Lange Wettkampfpause ist für den 36-Jährigen beendet

Fortuna Düsseldorf: Fortunas Kapitän ist wieder an Bord

Fussball Oiver Fink steht im Kader für das Spiel am Samstag gegen Hertha BSC. Trainer Funkel fordert die Spieler auf, in den Kampfmodus umzuschalten.

Selbst für den Trainer war es jetzt eine Überraschung. Eigentlich wollten Friedhelm Funkel und sein Kapitän zuvor noch einmal in der U 23-Mannschaft der Fortuna testen, wie es um die Fitness und Spielfähigkeit des 36-Jährigen bestellt ist. „Er steht am Samstag gegen Hertha BSC im Kader“, sagte Fortunas Cheftrainer jetzt jedoch. Und zwischen den Zeilen war erkennbar, dass Funkel sogar damit liebäugelt, von Anfang auf Fink zu setzen, weil dieser einen Impuls setzen könnte, der vielleicht nach sechs Niederlagen in Folge für einen Befreiungsschlag gegen das Spitzenteam von Hertha BSC sorgen könnte.

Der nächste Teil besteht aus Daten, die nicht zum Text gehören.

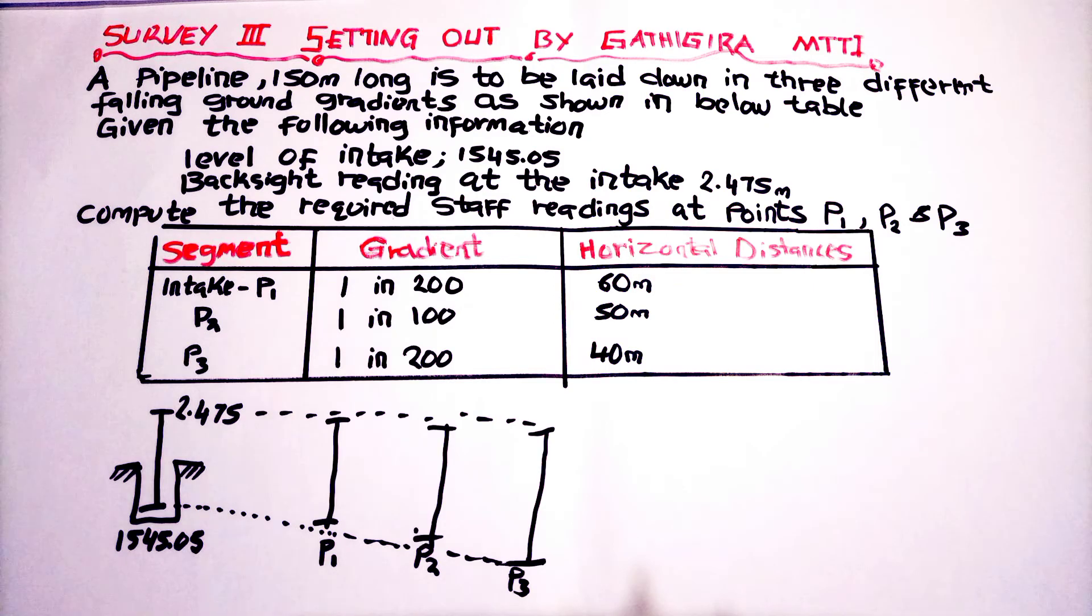We are going to have a drawing there. We will have the intake level, and we will have the readings for the backside. Then we are going to locate where P1, P2 and P3 are. There we will start our solution.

„Ich habe ein längeres Gespräch mit Oliver geführt. Und ich weiß, dass er eine sehr gute Wahrnehmung hat, was seinen körperlichen Zustand angeht“, sagt Funkel über seinen „wichtigsten Spieler“, der seit drei Wochen im Mannschaftstraining alles wieder mitmachen kann. „Er kann sich sehr gut selbst einschätzen, und niemand hat in der jüngeren Vergangenheit so viele Kilometer abgespult.“ Funkel weiß, dass Fink im Spiel mit seiner Erfahrung einige Dinge in die richtige Richtung beeinflussen und der Mannschaft Halt geben kann. Er setzt vor allem auf die Spielintelligenz des 36-Jährigen, der in Sachen Fitness mehr drauf hat, als einige der Talente in Fortunas Kader. „Ich freue mich sehr, dass er wieder dabei ist, denn er kann vornweg gehen.“

Oliver Fink selbst glaubt — in seiner ihm eigenen Bescheidenheit —, dass wohl nur eine Einwechslung realistisch sei. Vorfreude habe aber auch er in besonderem Maße nach einer so langen Pause, die ihn verletzungsbedingt auch die letzten Spiele der vergangenen Saison verpassen ließ.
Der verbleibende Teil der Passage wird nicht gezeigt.